His compositional output included five symphonies, four operas, several concertos, film scores and string quartets.

In addition to scores for documentaries, Alwyn wrote more than 70 feature film scores from 1941 to 1962. His classic film scores included Green for Danger (1944), Odd Man Out (1947), Desert Victory (1943), Fires Were Started (1943), The History of Mr. Polly (1949), The Fallen Idol (1948), The Black Tent (1956), The Way Ahead (1944), The True Glory (1945) and The Crimson Pirate (1952). Some of the scores have been lost, although many scores and sketches are now in the William Alwyn Archive at Cambridge University Library. In recent years CD recordings have been made. Some works, for which only fragmentary sketches remained, were reconstructed by Philip Lane or Christopher Palmer from the film soundtracks themselves.

Alwyn's wartime scores were considered to be so critical to boosting public morale that he was placed on a Nazi German 'death list', a post-war discovery that apparently thrilled him.

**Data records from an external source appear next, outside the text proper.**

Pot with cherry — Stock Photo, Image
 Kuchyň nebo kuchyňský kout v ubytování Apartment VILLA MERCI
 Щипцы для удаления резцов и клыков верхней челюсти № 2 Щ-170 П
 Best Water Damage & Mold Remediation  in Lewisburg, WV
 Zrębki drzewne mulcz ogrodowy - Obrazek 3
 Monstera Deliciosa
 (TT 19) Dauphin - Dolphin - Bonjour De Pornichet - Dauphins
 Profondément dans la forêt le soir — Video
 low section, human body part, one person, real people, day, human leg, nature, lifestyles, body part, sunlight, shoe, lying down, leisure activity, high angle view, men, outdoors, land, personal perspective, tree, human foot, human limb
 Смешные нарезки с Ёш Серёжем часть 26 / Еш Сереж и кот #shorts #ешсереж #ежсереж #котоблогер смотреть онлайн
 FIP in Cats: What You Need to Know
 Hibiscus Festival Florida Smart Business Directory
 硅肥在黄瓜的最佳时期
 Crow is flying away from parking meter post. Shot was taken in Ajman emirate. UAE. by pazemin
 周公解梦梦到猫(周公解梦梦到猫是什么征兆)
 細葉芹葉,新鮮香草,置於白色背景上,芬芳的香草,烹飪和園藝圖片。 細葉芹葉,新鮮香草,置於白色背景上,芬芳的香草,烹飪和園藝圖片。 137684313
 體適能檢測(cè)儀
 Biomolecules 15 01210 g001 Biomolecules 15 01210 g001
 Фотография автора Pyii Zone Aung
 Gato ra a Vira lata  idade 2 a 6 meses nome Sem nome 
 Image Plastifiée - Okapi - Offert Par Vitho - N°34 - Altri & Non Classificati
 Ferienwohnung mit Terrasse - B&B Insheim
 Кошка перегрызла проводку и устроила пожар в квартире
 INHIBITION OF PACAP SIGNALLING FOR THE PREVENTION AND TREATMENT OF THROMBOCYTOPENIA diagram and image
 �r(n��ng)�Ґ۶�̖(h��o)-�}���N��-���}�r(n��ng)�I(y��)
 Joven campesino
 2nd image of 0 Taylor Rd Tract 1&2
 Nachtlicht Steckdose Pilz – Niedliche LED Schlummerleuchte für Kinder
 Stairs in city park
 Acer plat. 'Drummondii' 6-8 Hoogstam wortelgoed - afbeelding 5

Alwyn relished dissonance, and devised his own alternative to 12-tone serialism. For instance, in his Third Symphony (1955–56), eight notes of the possible 12 are used in the first movement, with the remaining four (D, E, F, and A♭) constituting the middle movement, and all 12 being combined for the finale. The work was premièred on 10 October 1956 at the Royal Festival Hall by Sir Thomas Beecham.

Alwyn's concerto for harp and string orchestra, Lyra Angelica, was popularized when the American figure skater Michelle Kwan performed to it at the 1998 Winter Olympics.

Alwyn spent the last 25 years of his life at Lark Rise, Dunwich Road, Blythburgh, Suffolk, where he composed his Concerto Grosso no. 3 (1964), two operas, Juan, or the Libertine and Miss Julie, and his last major orchestral work, Symphony No. 5 Hydriotaphia (1972–73).

Alwyn recorded his five symphonies as conductor for the Lyrita label in the 1970s, recordings that have since been reissued on CD. Most of Alwyn's orchestral and chamber music has more recently been recorded on CD for Chandos Records: the five symphonies were played by the London Symphony Orchestra, conducted by Richard Hickox.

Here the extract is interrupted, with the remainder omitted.